### DATA SHOWN
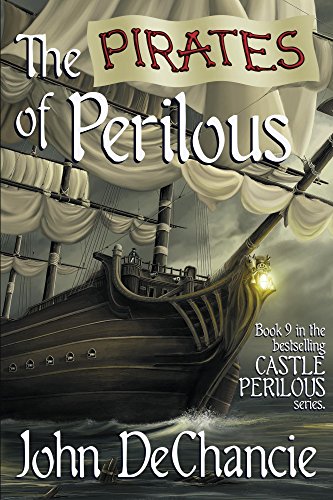 The Pirates of Perilous book cover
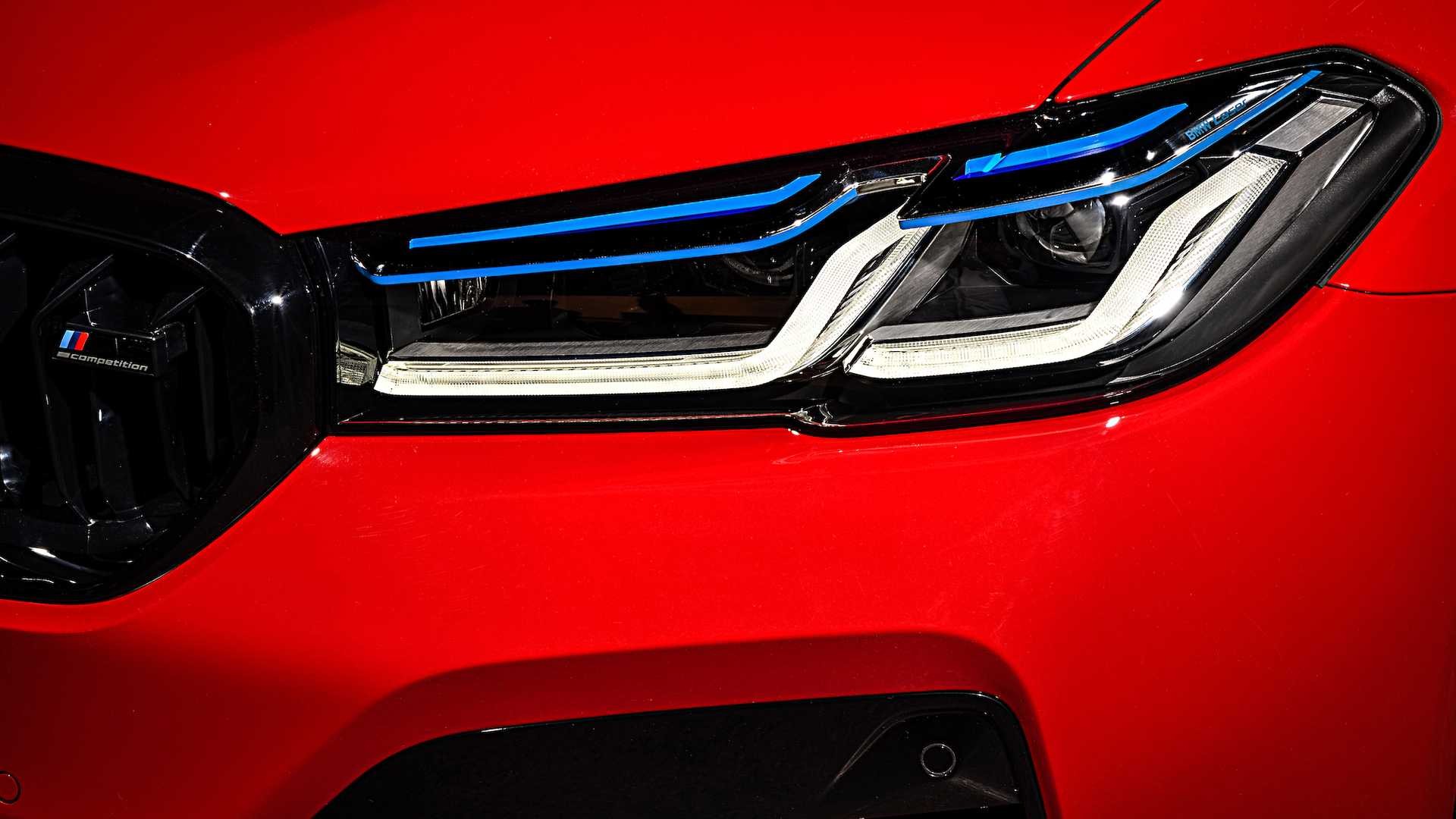 Makyajlı BMW M5 tanıtıldı!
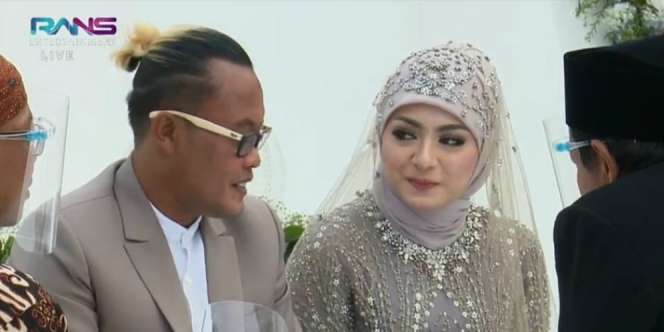 Sah! Sule Nikahi Nathalie Holscher, Ini Maskawinnya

### WORK TO BE COMPLETED
Retype all of the material above exactly; the pictures stay out.

### TASK RESULT
 The Pirates of Perilous book cover
 Makyajlı BMW M5 tanıtıldı!
 Sah! Sule Nikahi Nathalie Holscher, Ini Maskawinnya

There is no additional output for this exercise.